Europe : à vouloir taxer Google News, la presse en ligne risque de se tirer une balle dans le pied

Les éditeurs et les agences de presse se rebiffent contre les Gafam qu’ils accusent de « siphonner » articles et dépêches sans les rétribuer.
A coup de lobbying et de tribunes, la presse pousse l’Europe à instaurer un « droit voisin » dans la directive « Droit d’auteur à l’ère du numérique ». Bonne idée ?

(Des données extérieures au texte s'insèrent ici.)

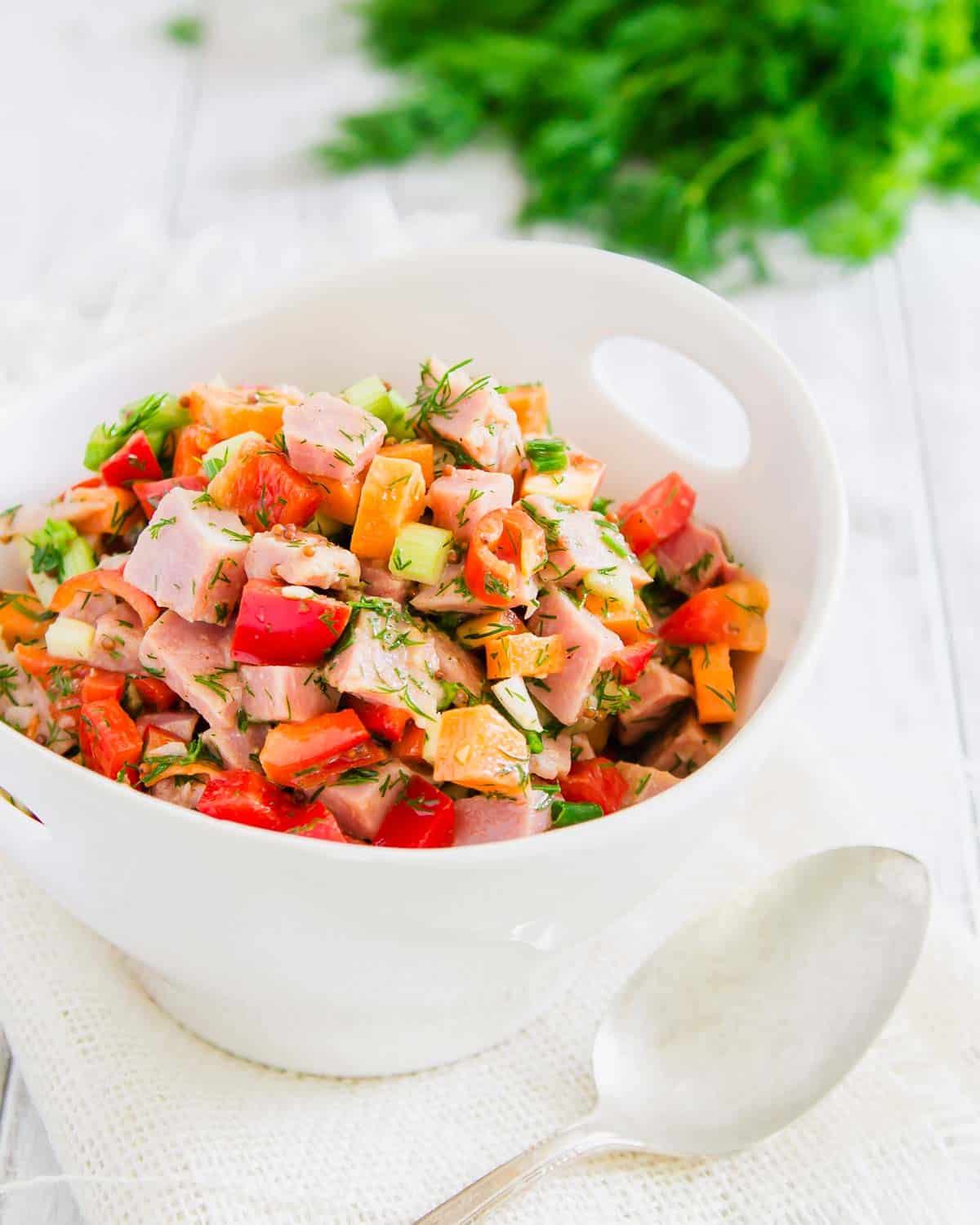 Chopped ham salad in a white bowl with a spoon.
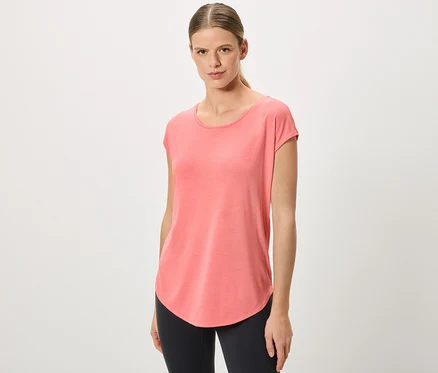 Frau mit Pferdeschwanz trägt ein korallfarbenes T-Shirt und schwarze Leggings.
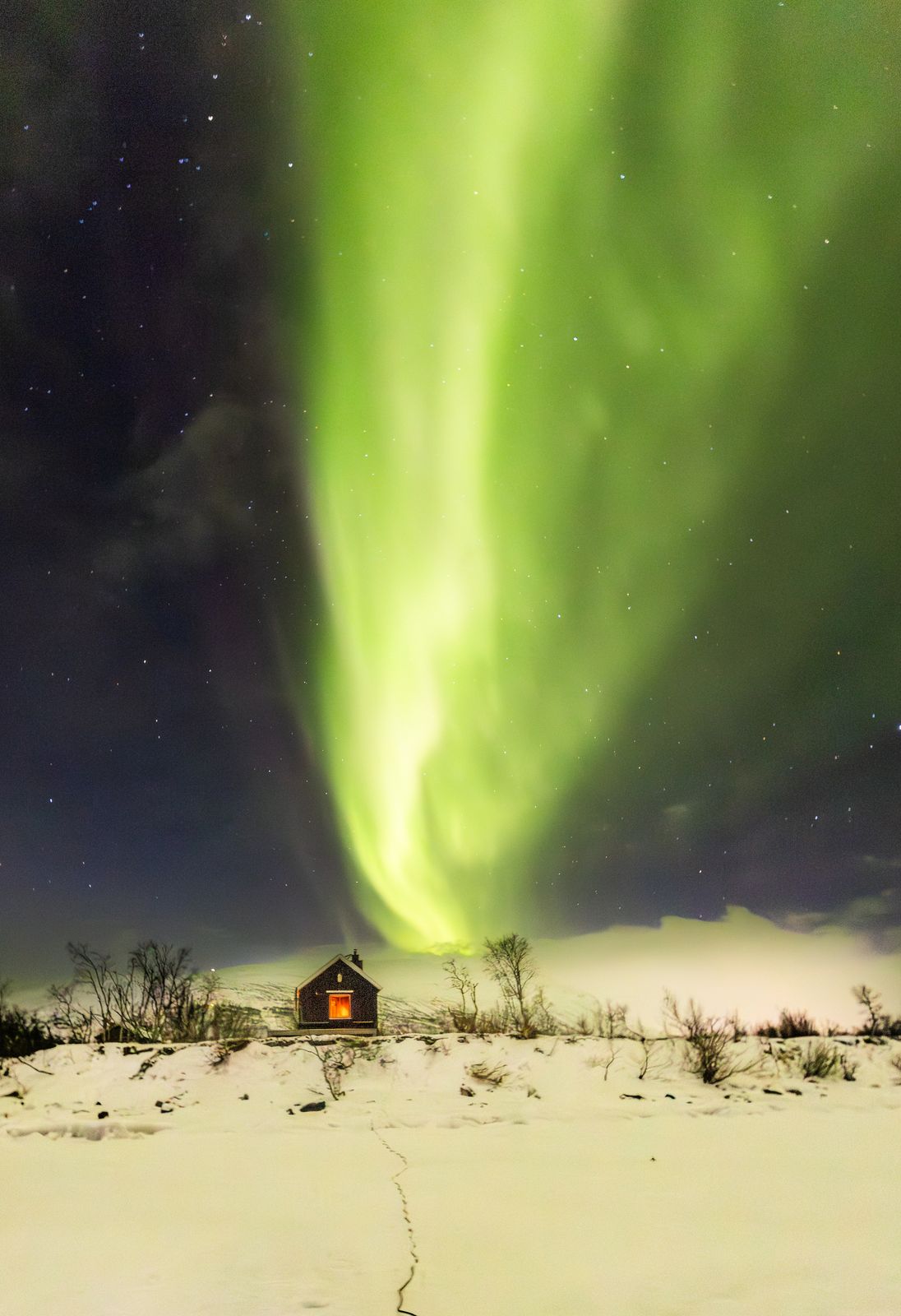 A column of green aurora rising straight up over a lit cabin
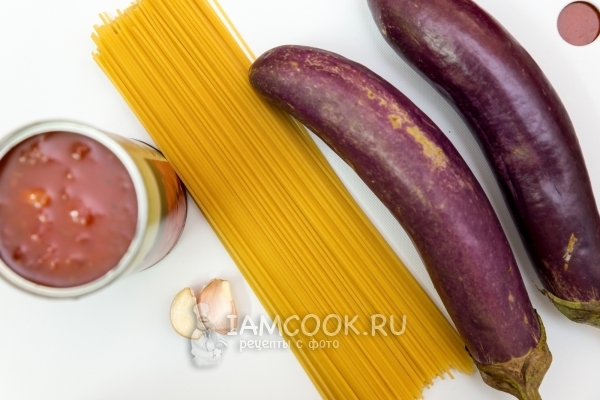 Ingredients for pasta (spaghetti) with eggplants and tomatoes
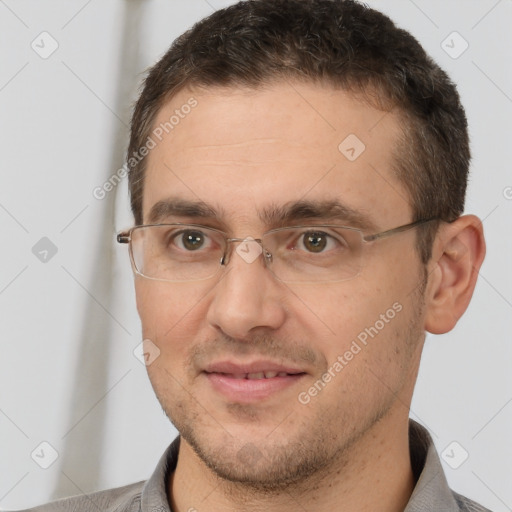 Joyful white adult male with short  brown hair and brown eyes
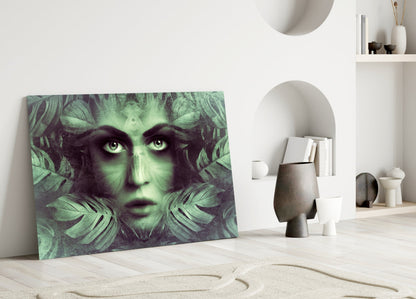 Glass wall art leaning against white wall displays green-toned woman's face surrounded by tropical leaf patterns in minimalist interior setting.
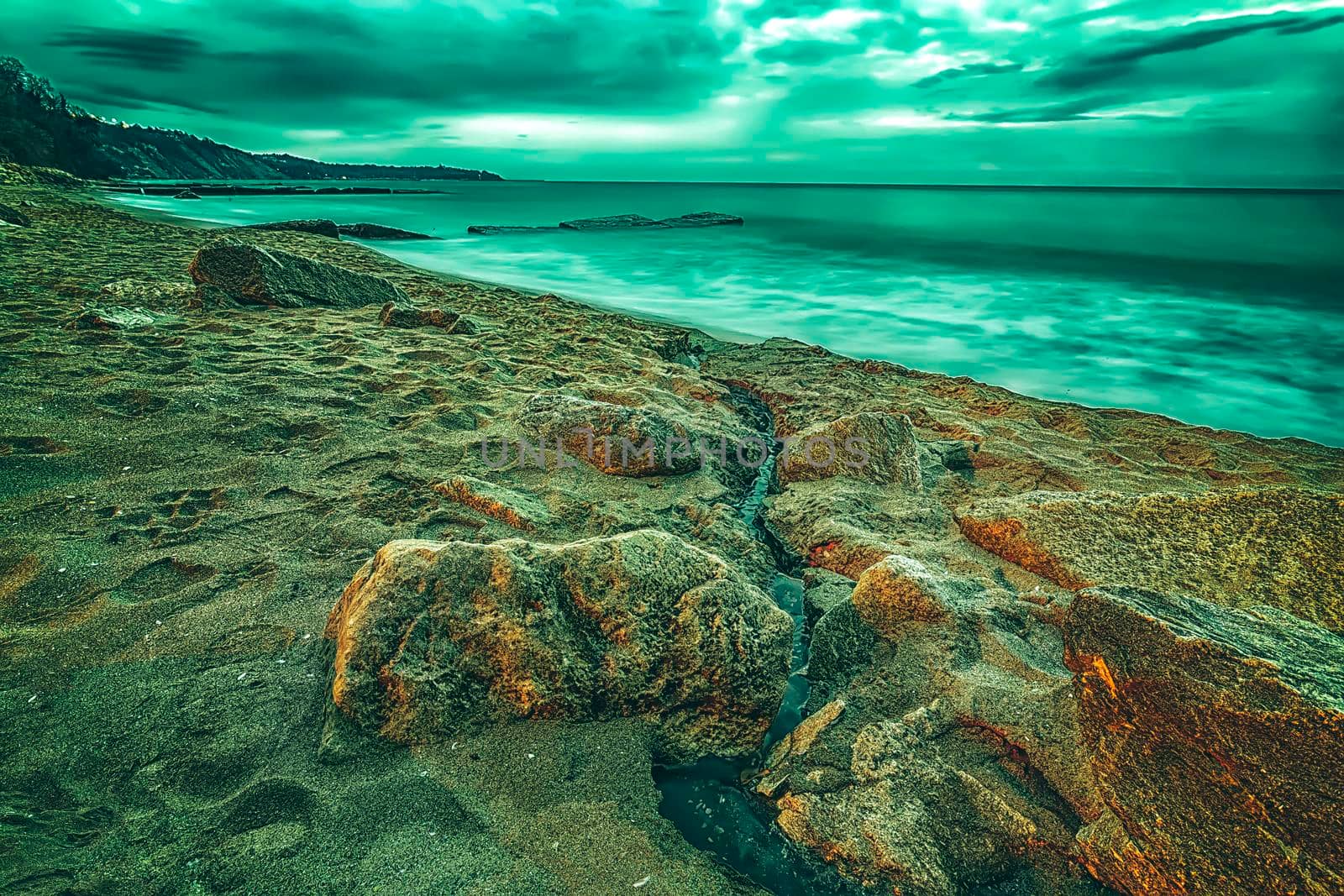 Creative view of cloudy sunrise with motion blur sea and rocks on the beach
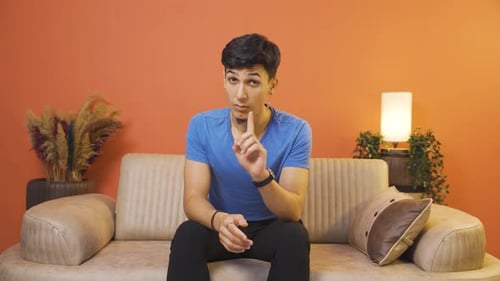 The man is warning by looking at the camera.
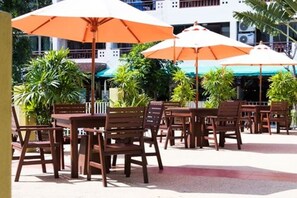 Un espace extérieur aménagé avec des tables et des chaises en bois, des parasols orange et des plantes en pot.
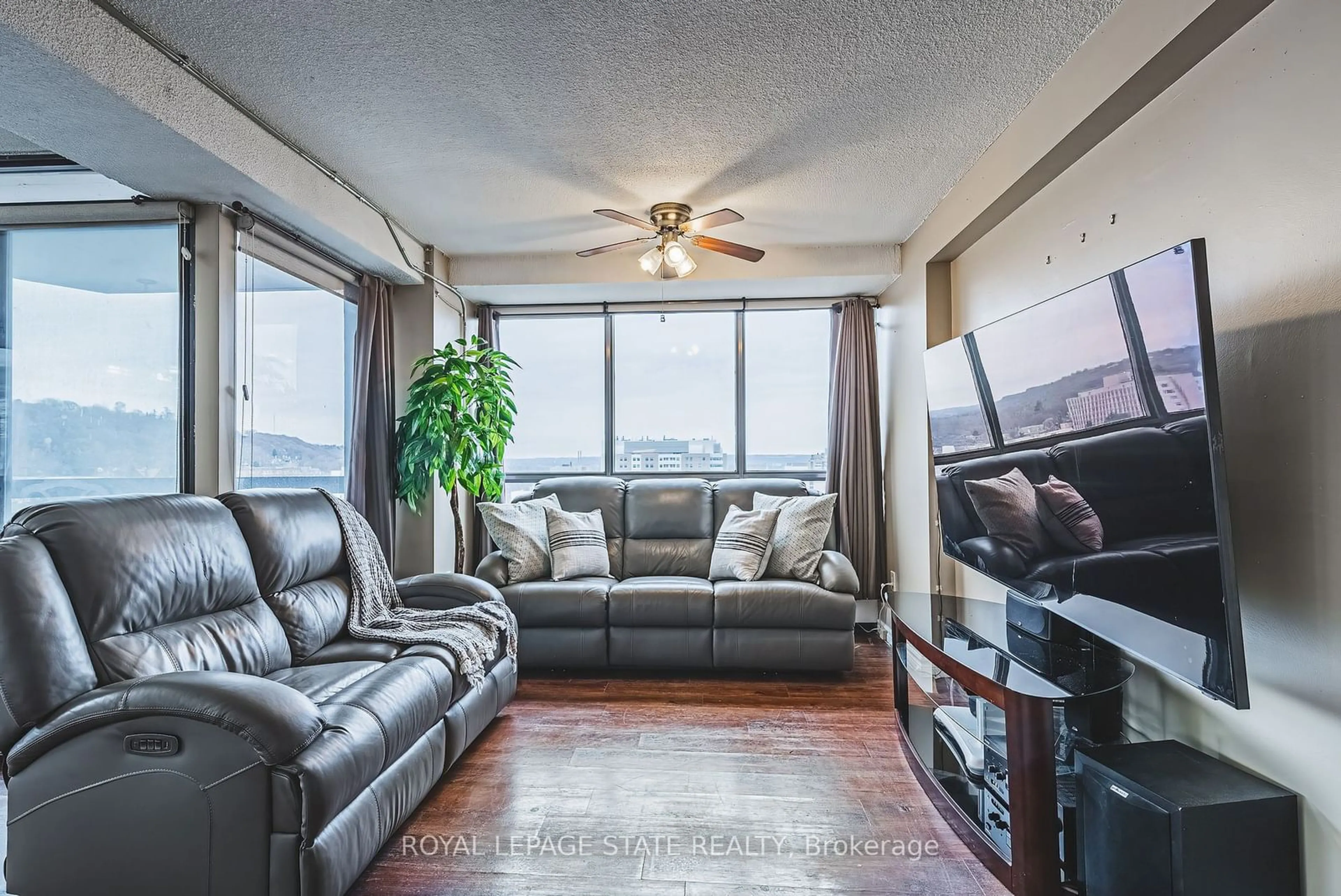 Living room, wood floors for 150 Charlton Ave #1908, Hamilton Ontario L8N 3X3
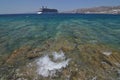 Nice Photo Of The Aegean Sea Breaking Against The Rocks With A Big Cruise In The Background On The Island Of Mykonos. Art History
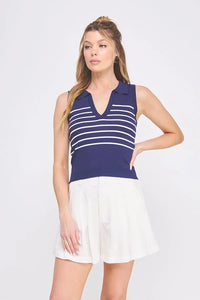 Woman wearing navy and white striped knit sleeveless polo tank top with V neck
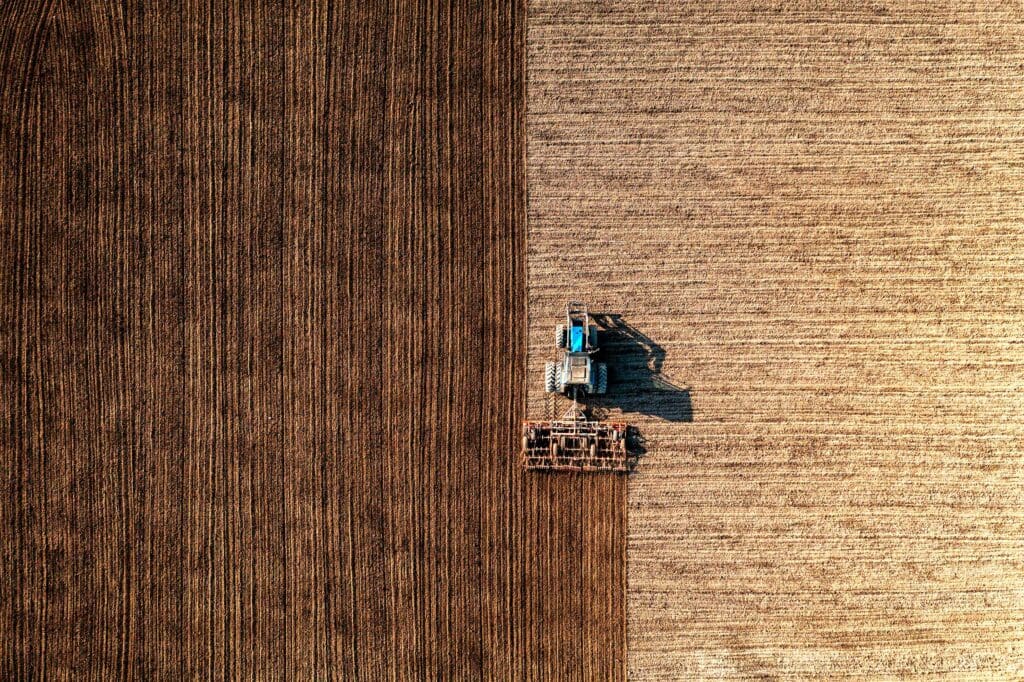 Top view of a tractor harrowing soil on an agriculture field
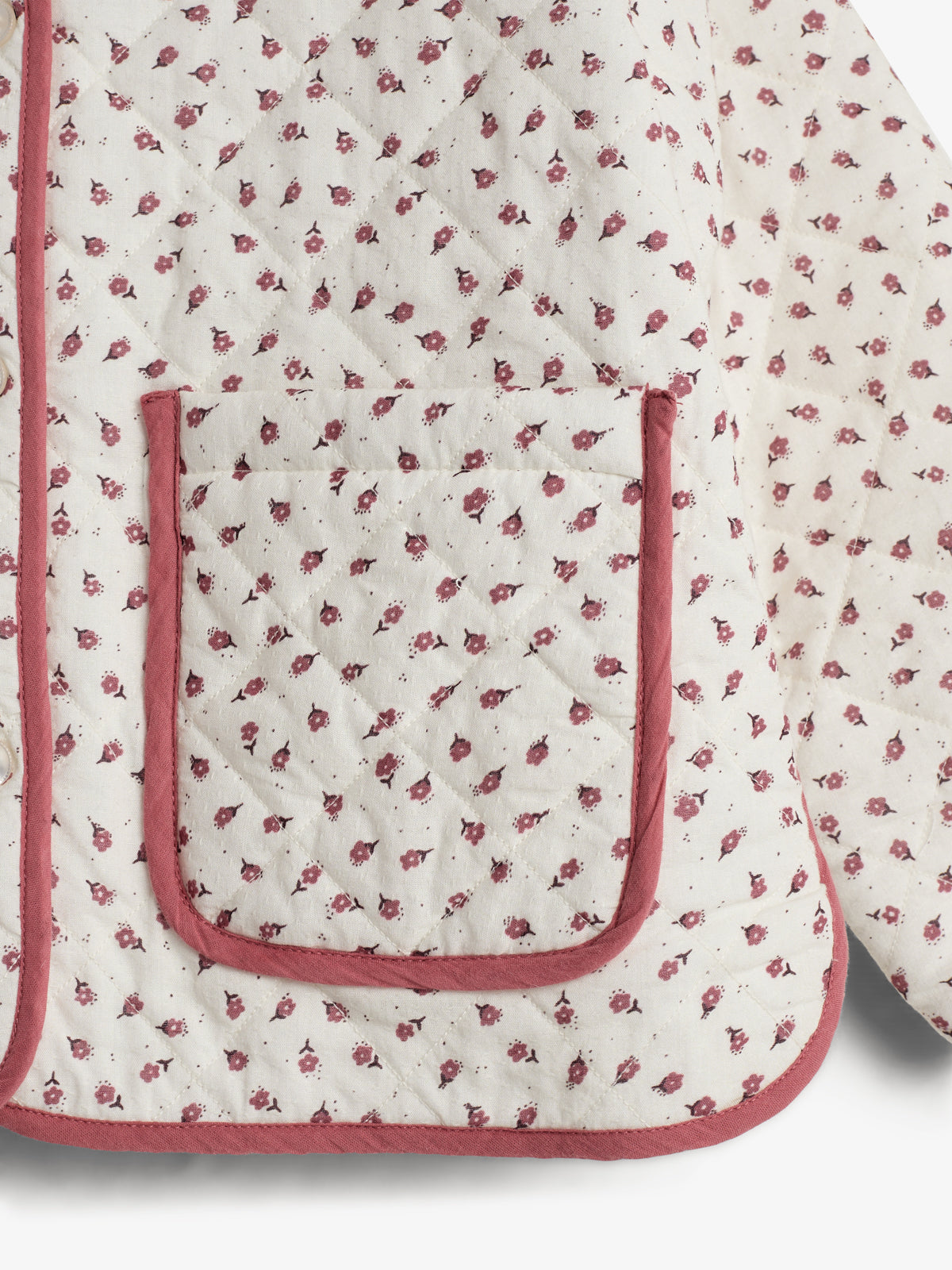 Eine gesteppte Jacke mit einem kleinen roten Blumenmuster bedeckt die Oberfläche. Sie hat eine rote Paspelierung und eine aufgesetzte Tasche. Der Hintergrund ist neutral.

La dernière tribune en faveur d’un « droit voisin » pour la presse est parue le 11 septembre dans la presse régionale, dont Ouest-France et La Provence, sous le titre « Les moyens d’informer les citoyens » (1). Ce fut la veille du vote des eurodéputés qui ont adopté le projet de réforme du droit d’auteur à l’ère du numérique (lire p. 3), laquelle prévoit de rémunérer les éditeurs et les agences de presse en taxant les Google News, Facebook Instant Articles, Yahoo News et autres agrégateurs d’actualités.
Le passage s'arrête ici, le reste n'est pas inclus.